The turkey froze. He turned and looked around. He looked at me. And then, he ran … directly at the grill of my car.
Now I looked around. I wasn't sure what to do, so I treated him like a distracted driver and honked my horn. The turkey turned out to have a case of road rage. He stopped momentarily, then charged my car and disappeared.
I honked again. A greyish-white head popped over the hood of my car, gave me the eye, and then vanished.
I imagined him pecking at my bumper with demented fervor, or reenacting that scene from Cape Fear. I checked the rearview mirror. The nearest vehicle was far enough away: I put my car in reverse and eased back a few yards. Retreat only angered him more. He charged me again. People were now coming eastbound, so I put the car in drive and tried to sneak by on the shoulder. He headed me off like a sheepdog.

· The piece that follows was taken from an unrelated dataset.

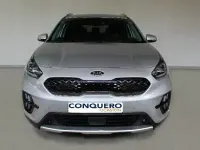Begagnad Kia Niro 141 HK (103 kW) 2020 Grå SUV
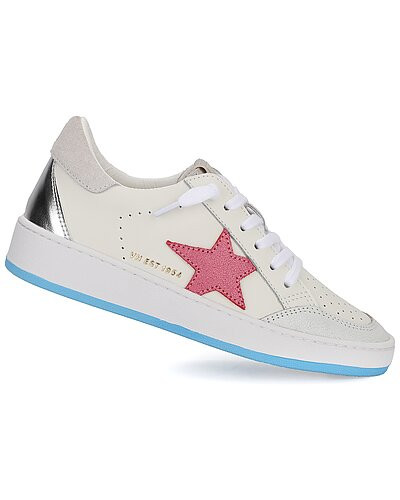 Mismatched 3 Leather Sneaker | Gilt & Gilt City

I slowly returned to my lane and hit the brakes as the jake once again disappeared. Eastbound traffic paused. The turkey head shot up again. The driver opposite went wide-eyed. I was playing chicken with a turkey.
Now a line of cars formed behind me. I realized that from their point of view, I was merely a crazy woman impeding their progress for no obvious reason. So I honked again. The eastbound driver moved, and the westbound drivers took their turns staring at me, first in disgust, then with disbelieve.
Finally, all traffic cleared. I threw the car into reverse and aimed for the shoulder. As the turkey came my way, I threw the car back into drive and — like the dude five minutes before me — gunned it. I swerved and flew back into my own lane, leaving, I’m sure, a distant motorist with the same temptation as me.
To her (I assume it’s a her) I say, it’s easy to rush to judgment, but for 2012, I’m quitting that. Cold turkey.